● EXERCISE BRIEF: Each line from the one containing "Mini Small Mixed" through the end of the entries below should be transcribed exactly, and no other line.

● GIVEN DATA:
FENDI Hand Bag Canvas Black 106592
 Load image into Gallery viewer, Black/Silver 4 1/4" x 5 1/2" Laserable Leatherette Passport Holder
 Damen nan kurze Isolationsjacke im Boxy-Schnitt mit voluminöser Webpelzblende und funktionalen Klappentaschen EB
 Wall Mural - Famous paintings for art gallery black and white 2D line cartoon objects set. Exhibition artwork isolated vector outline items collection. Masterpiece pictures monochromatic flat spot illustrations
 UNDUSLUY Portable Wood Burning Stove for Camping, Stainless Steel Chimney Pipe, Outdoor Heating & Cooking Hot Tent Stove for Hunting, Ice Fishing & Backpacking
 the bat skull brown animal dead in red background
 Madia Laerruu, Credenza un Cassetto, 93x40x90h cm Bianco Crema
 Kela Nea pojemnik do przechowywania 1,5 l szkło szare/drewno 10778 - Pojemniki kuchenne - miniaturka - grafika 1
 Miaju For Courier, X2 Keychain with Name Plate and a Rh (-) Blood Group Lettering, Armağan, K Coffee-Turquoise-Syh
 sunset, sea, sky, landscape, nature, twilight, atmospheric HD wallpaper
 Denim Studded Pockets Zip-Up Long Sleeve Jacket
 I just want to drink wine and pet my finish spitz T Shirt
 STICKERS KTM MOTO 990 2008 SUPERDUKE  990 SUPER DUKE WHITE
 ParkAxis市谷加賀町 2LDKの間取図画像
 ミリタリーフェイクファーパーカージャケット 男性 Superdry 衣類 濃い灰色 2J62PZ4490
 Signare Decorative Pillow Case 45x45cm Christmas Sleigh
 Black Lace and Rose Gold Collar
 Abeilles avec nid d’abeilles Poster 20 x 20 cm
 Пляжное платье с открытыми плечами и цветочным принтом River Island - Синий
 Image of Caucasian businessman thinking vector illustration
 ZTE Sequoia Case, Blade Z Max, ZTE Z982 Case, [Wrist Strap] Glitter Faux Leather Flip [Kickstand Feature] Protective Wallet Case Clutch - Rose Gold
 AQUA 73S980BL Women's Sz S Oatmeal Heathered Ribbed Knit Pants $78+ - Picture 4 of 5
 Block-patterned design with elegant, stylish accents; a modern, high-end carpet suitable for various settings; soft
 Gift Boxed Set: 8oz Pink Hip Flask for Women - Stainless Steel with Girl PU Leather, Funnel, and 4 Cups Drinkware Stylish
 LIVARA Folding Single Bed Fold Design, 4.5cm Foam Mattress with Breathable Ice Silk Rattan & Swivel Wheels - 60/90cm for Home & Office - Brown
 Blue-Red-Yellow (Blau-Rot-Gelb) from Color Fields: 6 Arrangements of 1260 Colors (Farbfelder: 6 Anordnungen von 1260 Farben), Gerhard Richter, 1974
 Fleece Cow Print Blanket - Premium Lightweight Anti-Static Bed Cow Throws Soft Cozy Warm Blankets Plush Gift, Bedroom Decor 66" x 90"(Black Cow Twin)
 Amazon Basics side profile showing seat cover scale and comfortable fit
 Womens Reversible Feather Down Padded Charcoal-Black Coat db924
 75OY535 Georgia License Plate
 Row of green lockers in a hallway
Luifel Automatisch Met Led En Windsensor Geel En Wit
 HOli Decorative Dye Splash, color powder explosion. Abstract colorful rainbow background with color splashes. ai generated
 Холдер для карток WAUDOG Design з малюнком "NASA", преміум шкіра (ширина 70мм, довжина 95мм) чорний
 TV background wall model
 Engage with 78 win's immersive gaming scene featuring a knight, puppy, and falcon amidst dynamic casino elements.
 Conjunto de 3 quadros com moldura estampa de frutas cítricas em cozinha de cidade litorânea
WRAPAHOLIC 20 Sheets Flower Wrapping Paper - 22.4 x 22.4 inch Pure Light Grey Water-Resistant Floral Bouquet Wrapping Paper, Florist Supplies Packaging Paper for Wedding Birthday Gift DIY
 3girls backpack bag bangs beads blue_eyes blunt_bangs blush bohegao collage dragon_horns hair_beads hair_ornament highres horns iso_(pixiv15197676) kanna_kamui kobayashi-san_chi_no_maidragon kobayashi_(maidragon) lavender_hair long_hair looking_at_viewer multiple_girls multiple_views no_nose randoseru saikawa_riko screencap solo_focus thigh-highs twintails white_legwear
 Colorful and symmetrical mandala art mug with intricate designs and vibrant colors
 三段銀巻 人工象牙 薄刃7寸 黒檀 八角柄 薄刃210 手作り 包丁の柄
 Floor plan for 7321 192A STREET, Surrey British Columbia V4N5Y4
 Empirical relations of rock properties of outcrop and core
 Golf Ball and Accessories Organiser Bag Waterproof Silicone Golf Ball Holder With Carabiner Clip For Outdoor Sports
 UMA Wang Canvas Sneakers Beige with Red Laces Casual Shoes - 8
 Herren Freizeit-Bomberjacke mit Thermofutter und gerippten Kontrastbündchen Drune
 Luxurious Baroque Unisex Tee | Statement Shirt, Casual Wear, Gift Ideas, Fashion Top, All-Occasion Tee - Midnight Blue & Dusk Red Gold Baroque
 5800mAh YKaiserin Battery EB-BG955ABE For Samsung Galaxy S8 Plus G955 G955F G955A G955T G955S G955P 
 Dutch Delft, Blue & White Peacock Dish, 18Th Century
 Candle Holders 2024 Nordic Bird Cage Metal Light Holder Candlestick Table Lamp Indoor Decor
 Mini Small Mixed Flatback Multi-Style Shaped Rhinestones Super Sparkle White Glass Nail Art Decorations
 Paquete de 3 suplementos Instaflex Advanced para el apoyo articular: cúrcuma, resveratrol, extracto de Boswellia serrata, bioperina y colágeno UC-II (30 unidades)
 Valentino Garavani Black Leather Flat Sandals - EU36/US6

● EXERCISE RESPONSE:
 Mini Small Mixed Flatback Multi-Style Shaped Rhinestones Super Sparkle White Glass Nail Art Decorations
 Paquete de 3 suplementos Instaflex Advanced para el apoyo articular: cúrcuma, resveratrol, extracto de Boswellia serrata, bioperina y colágeno UC-II (30 unidades)
 Valentino Garavani Black Leather Flat Sandals - EU36/US6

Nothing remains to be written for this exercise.